▶ [ACTIVITY]: Pictures in the entries below are excluded; copy only the lines from the one containing "Коты / Три кота зимой" to the one containing "Image of Daphne sericea specimen.", both included.

══ DATA SUPPLIED

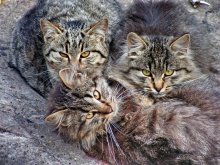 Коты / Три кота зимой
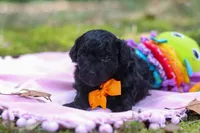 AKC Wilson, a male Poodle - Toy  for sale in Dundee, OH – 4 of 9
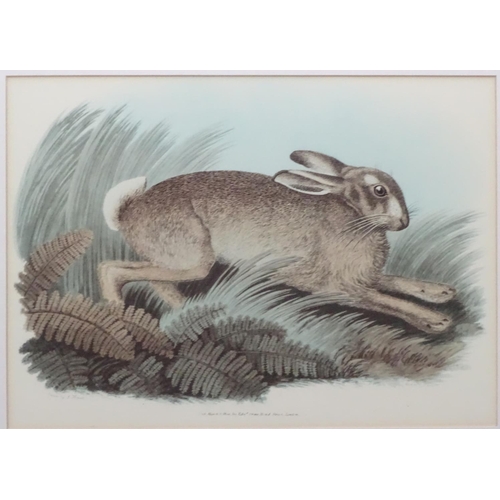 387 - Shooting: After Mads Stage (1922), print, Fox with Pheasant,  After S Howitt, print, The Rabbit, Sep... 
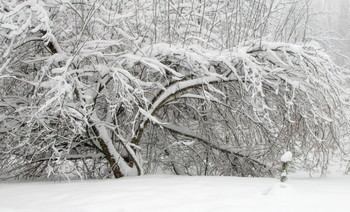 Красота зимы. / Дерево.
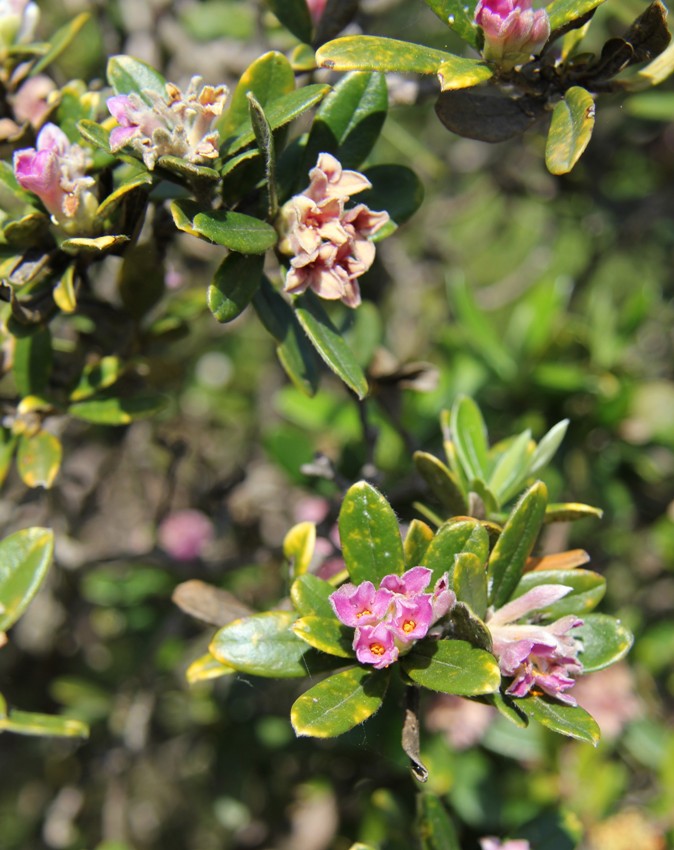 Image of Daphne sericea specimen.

════
══ DATA SUPPLIED

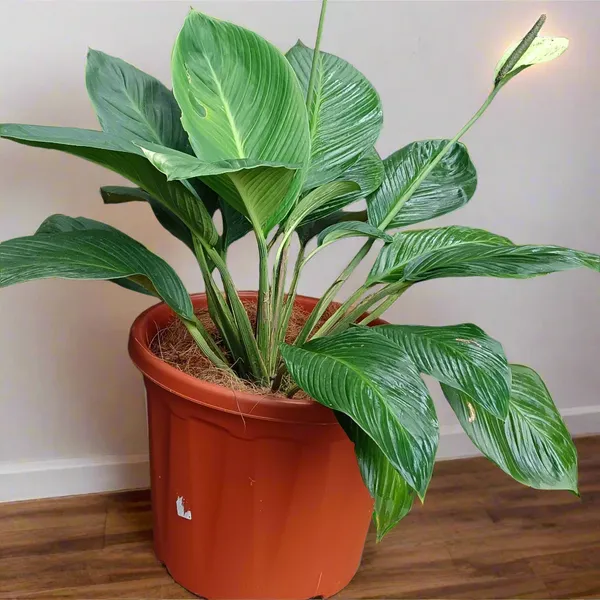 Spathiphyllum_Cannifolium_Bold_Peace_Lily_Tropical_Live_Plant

════
══ DATA SUPPLIED

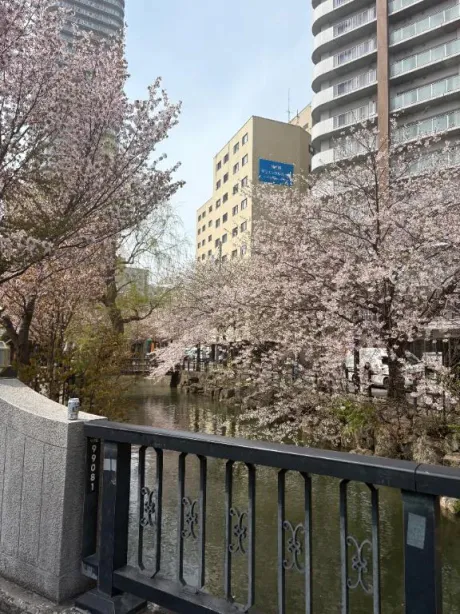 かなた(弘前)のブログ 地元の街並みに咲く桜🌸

════

▶ [SOLUTION TO THE EXERCISE]:
 Коты / Три кота зимой
 AKC Wilson, a male Poodle - Toy  for sale in Dundee, OH – 4 of 9
 387 - Shooting: After Mads Stage (1922), print, Fox with Pheasant,  After S Howitt, print, The Rabbit, Sep... 
 Красота зимы. / Дерево.
 Image of Daphne sericea specimen.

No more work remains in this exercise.